Yes. Hi. Thanks, guys. Just a couple of other follow-ups if I could, first just in terms of what you are seeing out there, could you tell us what you are seeing from a competitive standpoint? Do you think that those you are up against are seeing the same issues and are increasing their level of discounting?
It is competitive space. I think there are a lot of promotion going on, but it is hard to really pinpoint by retailer. We have certainly baked that into our fourth quarter plans and we think the season is going to be a little more promotional given the slowness overall that was in place towards the backend of Q3, so we plan for that.
Great. Then just in terms of some of the new system and processes that you all have in place. It has obviously been something that has helped the Company do a great job over last few years from a comp standpoint, but as you kind of see how the system work over a period, where sales have slowed down, maybe Mike could you speak to how - it is helping you with your markdown cadence or any risk should there maybe?
Well, I think the systems have really helped us achieved the strong of positive comp quarters that we currently still have in place and a big part of that is being able to identify core merchandise, which now makes up almost 40% of our total sales. Everyday products that have a steady sales rate and that was a big win as we implemented a lot of those systems and processes and we have benefited from that. I think going forward, the core now that is in place I think we need to some deeper scrutiny as to knowing when to pull back on some of those items and no one to inject the new to make up for that volume and I think the bigger opportunity going forward system-wise is regionality. We are doing a little bit of that now and it is an initiative that we have really been working on with our merchants and planners to get more store specific with our assortment we get along way to go there but we do have tools in place to help us with that, so those are all sales and margin drivers as we look ahead that we really have not fully experienced yet.
That is great. Then if you hit your guidance, where would you expect free cash flow for the year to shake out or where would you expect your cash balance to be?
Well, it would be somewhere in the range of - it is a wide range, but, say, mid-60s to maybe $70 million. Of course a lot of that depends on the fourth quarter operating performance, but you would recall we did pay out a $26 million dividend earlier in the year. We will have some more share repurchases ahead of us, which we will use some of the cash and we have got a slightly higher CapEx number really due to that end of the year timing issue that I mentioned, so it is still a very healthy cash balance and we feel like we are well positioned to make the investments we need to make going into the next year.
Great. Then if you would hazard a guess at this as we think out to 2016 any sense for what level of comp you may need to generate operating margin expansion next year?

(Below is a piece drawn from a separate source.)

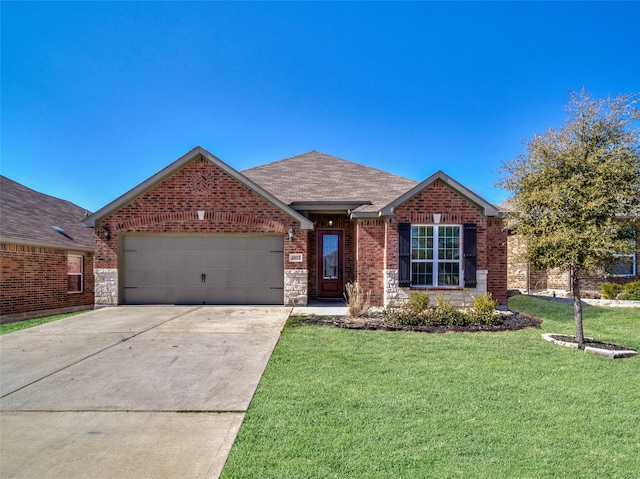 single story home featuring a garage, a shingled roof, brick siding, concrete driveway, and a front lawn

It is early, Brad. We are going to give a lot of color on that next time we speak, but I think that we can with a modest comp, achieve that. I mean, there are some roadblocks potentially to that for all the retail particularly, when you talk about labor costs for us. I think supply chain is going to be a focus, but something I think we can hold path. If we can comp and continue this growth plan and it would be more front-ended, we do have the opportunity I think to generate leverage at a three comp range.
That is great. Thank you for all the answers and good luck this holiday season.
Ladies and gentlemen, this concludes our question-and-answer session. I would like to turn the conference back over to the Management for any closing remarks.
Thank you, everybody, and we appreciate your attention and time on the call today and we look forward to talking with you next quarter.
Thank you, sir. The conference is now concluded. Thank you for attending. You may now disconnect.